Lettre ouverte de Pascale Théard à la rédaction de Magazine du Monde

La Nouvelliste:
Haïti: Attn : Madame Marie-Pierre LANNELONGUE
Rédactrice en chef de M, le magazine du Monde.

Port au Prince, le 9 janvier 2012

Madame,

C’est avec la plus forte stupéfaction que j’ai découvert sur le site web du Monde un article intitulé « Les nantis d’Haïti », dans lequel mon nom était cité avec commentaires. C’est à la lecture que j’ai réalisé qu’il s’agissait d’un reportage fait par Arnaud Robert et Paolo Woods que j’avais reçus dans le cadre d’un article qu’ils préparaient pour montrer une image d’Haïti différente de ce que l’on présente habituellement avec des gens dynamiques oeuvrant pour leur pays.
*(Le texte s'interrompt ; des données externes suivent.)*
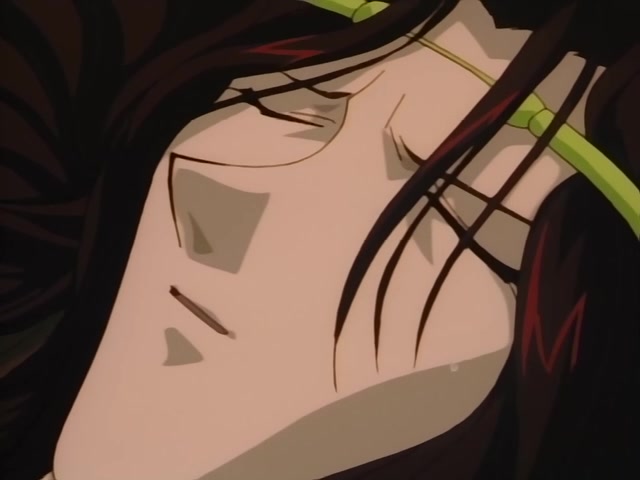 Rurouni Kenshin Ep 75: The Last Crusade @ 21:33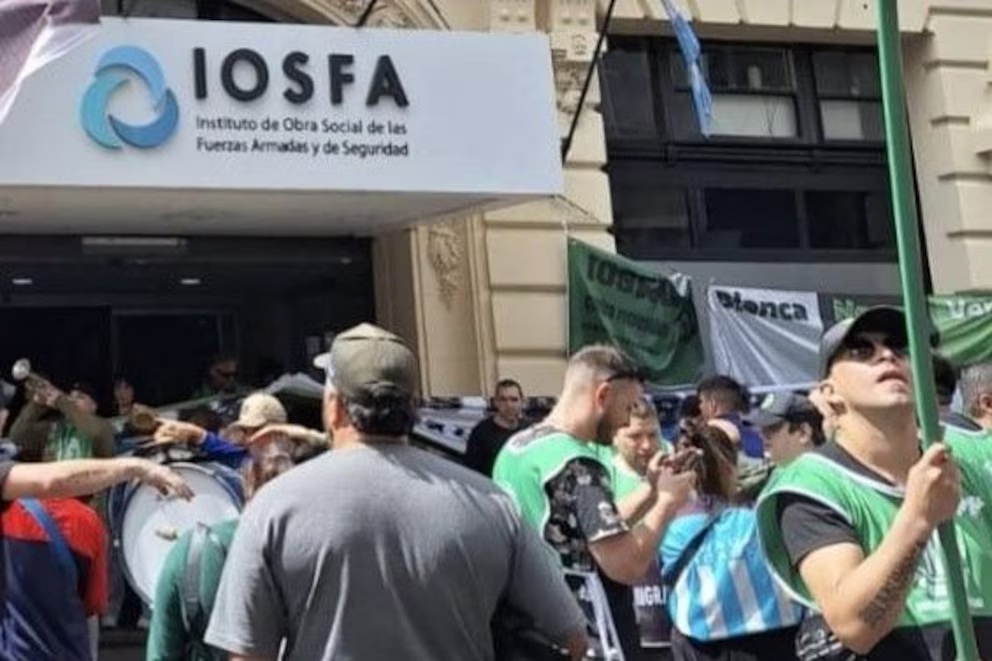 ATE ocupó la sede de OSFA tras el traspaso de 13 hoteles que pone en riesgo unos 600 empleos 1
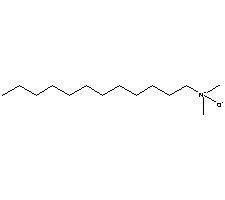 Lauryl dimethyl amine oxide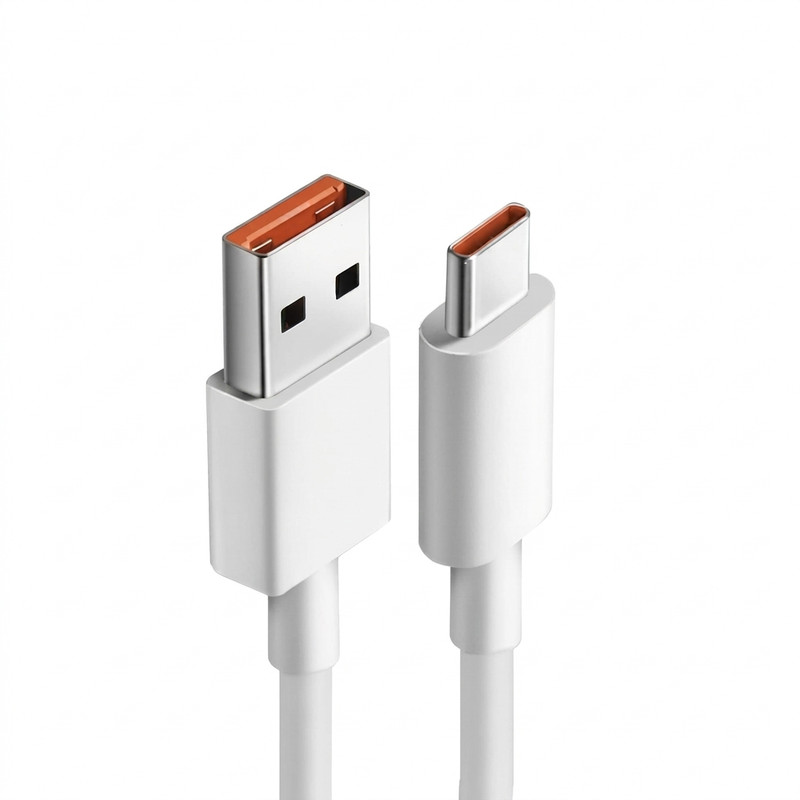 کابل تبدیل USB به USB-C الدینیو مدل ManaSu-per طول 1 متر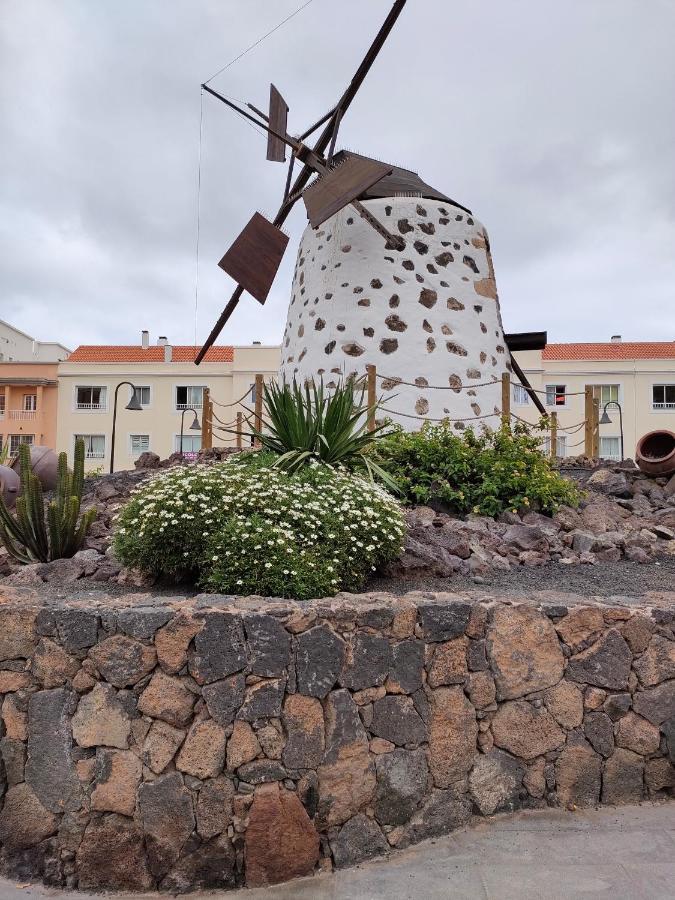 Casa Alba 1 Leilighet Puerto del Rosario  Eksteriør bilde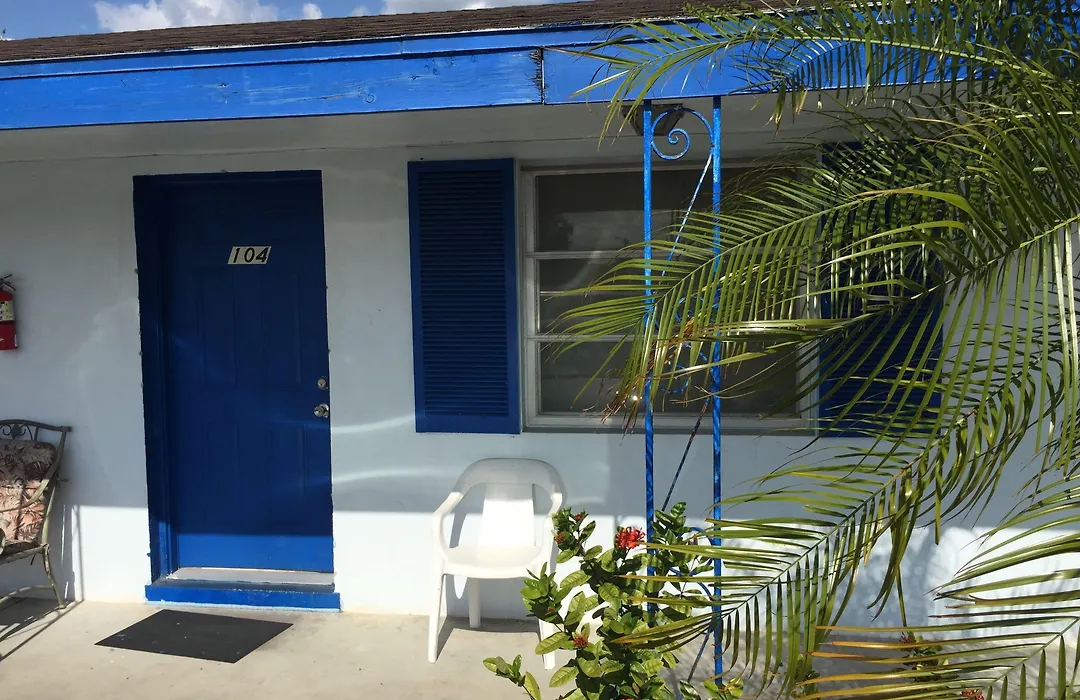Travel Inn Of Sebring-1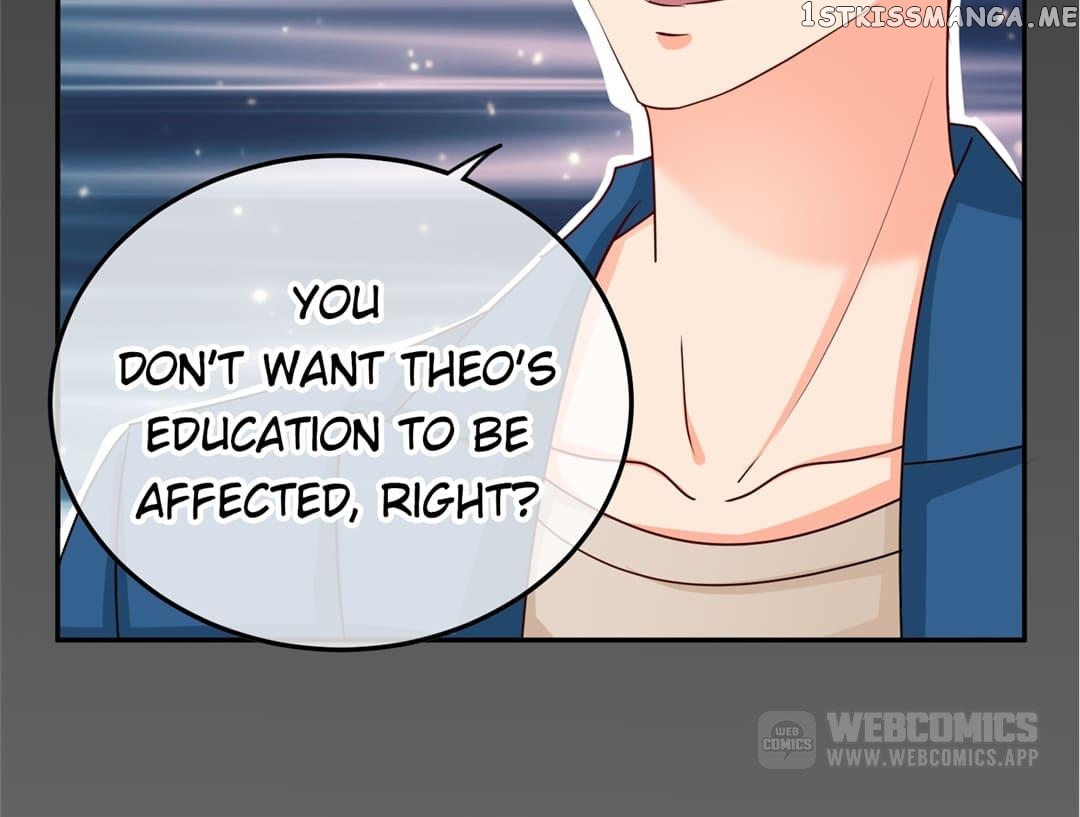 Counter-Attack of a Pregnant Actress chapter 40 - page 34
Sans entrer dans le sujet de l’article lui-même, je tiens à vous préciser que vous m’avez causé à travers la publication de cet article deux graves préjudices.

Premier préjudice : Pendant plusieurs heures le vendredi 6 janvier, l’article a été publié sur le site web de façon tronquée, juste au milieu du paragraphe me concernant, faussant totalement l’image qui devait ressortir de mon interview. Et c’est justement cette version tronquée qui a été reproduite et diffusée par la presse haïtienne. Cette omission est grave car elle transmet une image complètement opposée à ma personne à mes convictions.
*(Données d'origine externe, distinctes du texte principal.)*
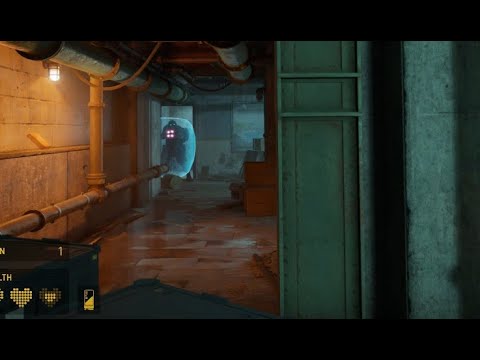 half life alyx glitches and funny moments 2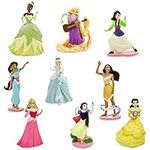 Disney Princess Deluxe Figure Play 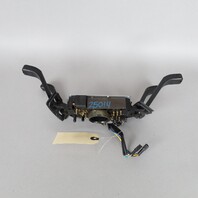 2002-2004 Porsche 911 Boxster Turn Signal Wiper Switch OBC 99661321910 OEM Used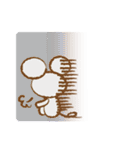 ぷくまり。（個別スタンプ：31）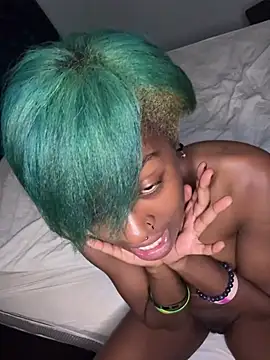 blu-hijinxx's Webcam Show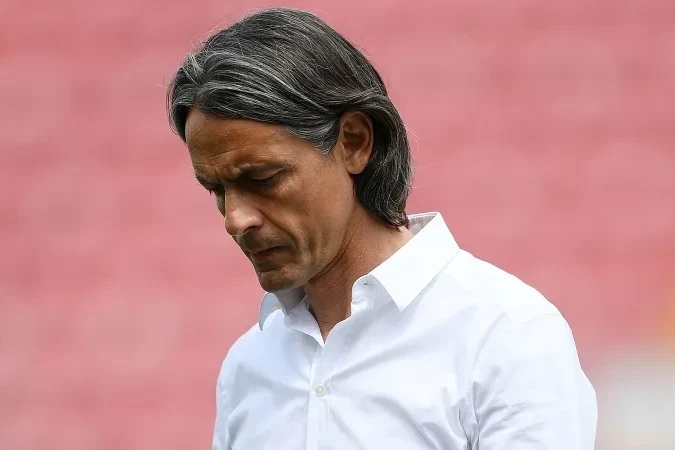 "Inter" president expressed positive opinions about the head coach
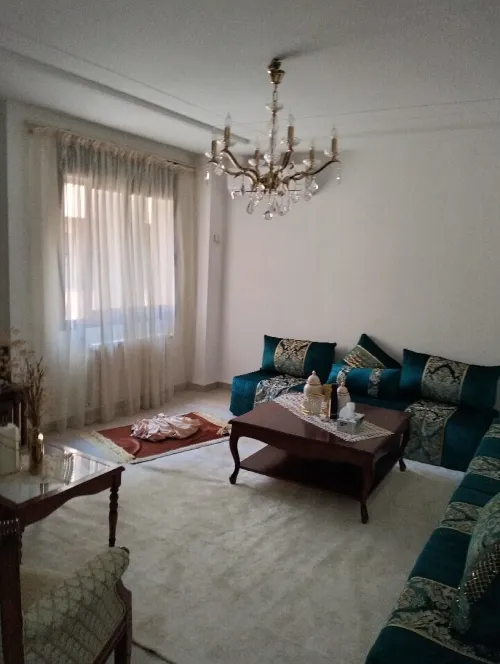 Vente Appartement F5 Alger Birkhadem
Second préjudice : le titre complètement négatif « Les nantis d’Haïti », ainsi que l’accroche qui l’accompagne « Parce qu’ils ont soutenu les dictateurs, parce qu’ils ont peu investi dans l’économie locale, […], les riches Haïtiens ont mauvaise réputation.[…] » sont en contradiction totale avec l’approche que les journalistes m’avaient annoncée. En fait j’ai appris que ces changements ont été imposés par la rédaction, sans doute pour rendre le tout plus vendeur, plus accrocheur, avec le même éternel cliché. Comment osez-vous associer mon nom à cette description hâtive? Vous faites vraiment peu de cas de la réputation des gens, de ce qu’ils font pour leur pays. Je suis outrée de ces clichés faciles, trop souvent diffusés par une presse internationale en quête de sensationnel ne prenant pas le temps de comprendre la situation complexe de ce pays et des honnêtes citoyens haïtiens.

Enfin je tenais à vous dire que le préjudice le plus important est encore celui fait à mon pays. Alors que le pays a besoin de se reconstruire et que le but est justement de se mettre tous ensemble pour le faire, que cette dynamique est une urgence, votre responsabilité en tant que grand journal du Monde, serait de la soutenir et non de balayer ces efforts en quelques mots.

Faisant valoir mon droit de réponse, je vous prie de bien vouloir publier cette lettre dans les meilleurs délais, afin de réparer un tant soit peu les torts que la rédaction du magazine du Monde a causés par la légèreté coupable avec laquelle elle a traité cet article.